In SAP's view, all of this covers the 'agility' part of the picture. The missing piece, once again, is branding – which is deeply connected with something that SAP dislikes: demographics, rather than transactional data. What (or perhaps, who) a retailer stands for is what sets one company apart from another in a competitive marketplace.
Mitchell-Keller argues:
I think the way that millennials buy from their phones and apps has crept into the way that all generations now buy – with the possible exception of people in their 80s or more. I think companies now need to help customers understand what they [the retailer] stands for, and who they are.
But away from the 'window dressing' of market positioning, who is inside the shop rather than why they are there is becoming rather more important to retailers – as SAP's Casey suggested earlier.
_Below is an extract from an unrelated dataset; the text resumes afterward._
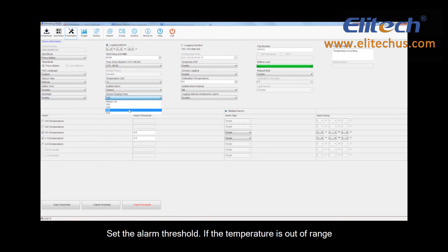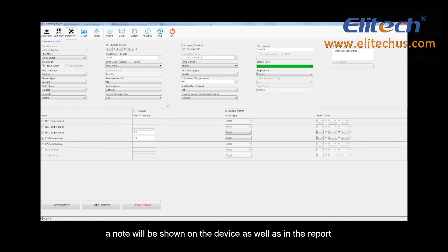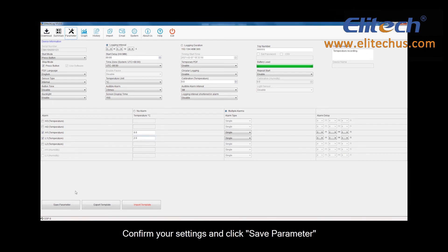Set the alarm threshold. If the temperature is out of range, a note will be shown on the device as well as in the report. Confirm your settings and click Save Parameter.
SAP says it can help here too with its Customer Insight 365 offering, which allows users to unlock, analyse and monetise mobile data. But GPS location and other cellphone data presents a world of problems to retailers, who are only able to aggregate anonymised data and draw general conclusions from it. As Mitchell-Keller notes:
Based on privacy laws, we can't provide information down to the individual, but we have connections with all the major mobile providers via our Sybase acqusition. But the insight that gives the retailer in terms of how the social piece [of the jigsaw] is coming into play in stores is critical information that they've never had. (SAP terms this process 'clientelling'.)
She concludes;
I think all of us are tired of talking about the millennial generation. Retailers are the real millennials.
Disclosure: at time of writing, SAP is a premier partner of diginomica.